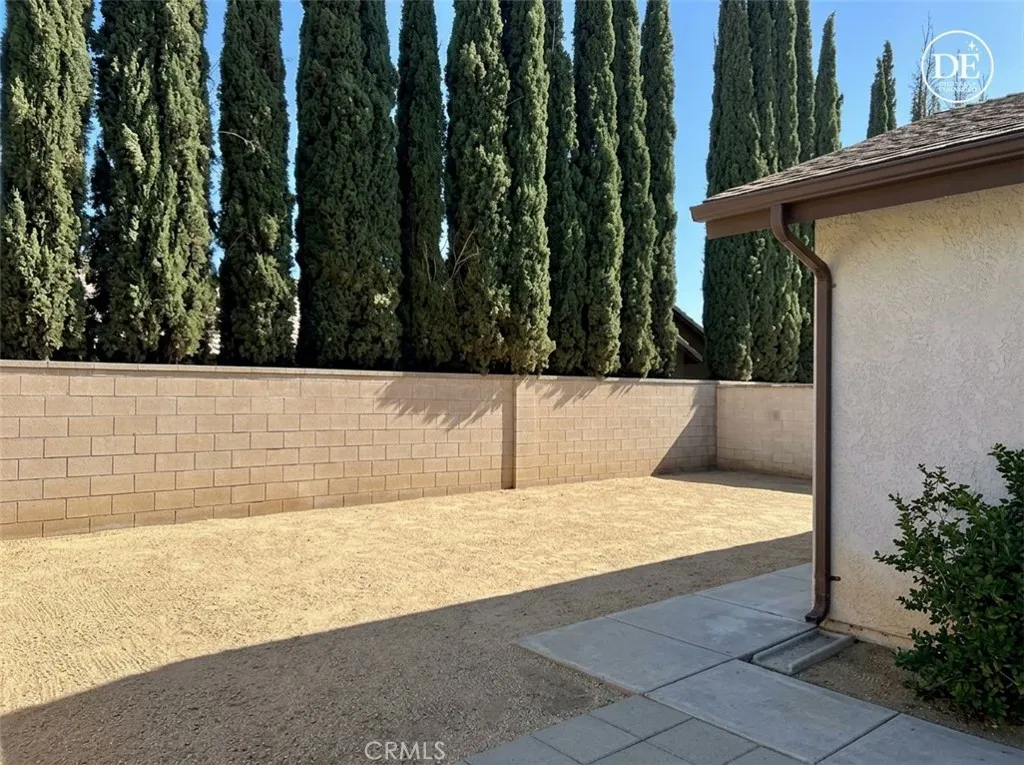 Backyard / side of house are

==

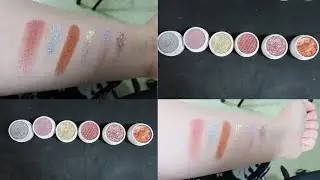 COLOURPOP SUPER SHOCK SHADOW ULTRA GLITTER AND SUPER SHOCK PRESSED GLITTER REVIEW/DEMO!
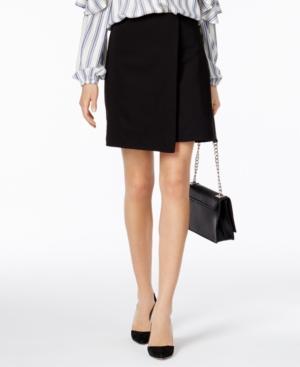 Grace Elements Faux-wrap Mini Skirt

DESCRIPTION OF THE TASK: For this exercise, return exactly the lines above from the line with "COLOURPOP SUPER SHOCK" through the line with "Grace Elements Faux-wrap Mini Skirt", both included. Do not copy the pictures.

RESULT BELOW:
 COLOURPOP SUPER SHOCK SHADOW ULTRA GLITTER AND SUPER SHOCK PRESSED GLITTER REVIEW/DEMO!
 Grace Elements Faux-wrap Mini Skirt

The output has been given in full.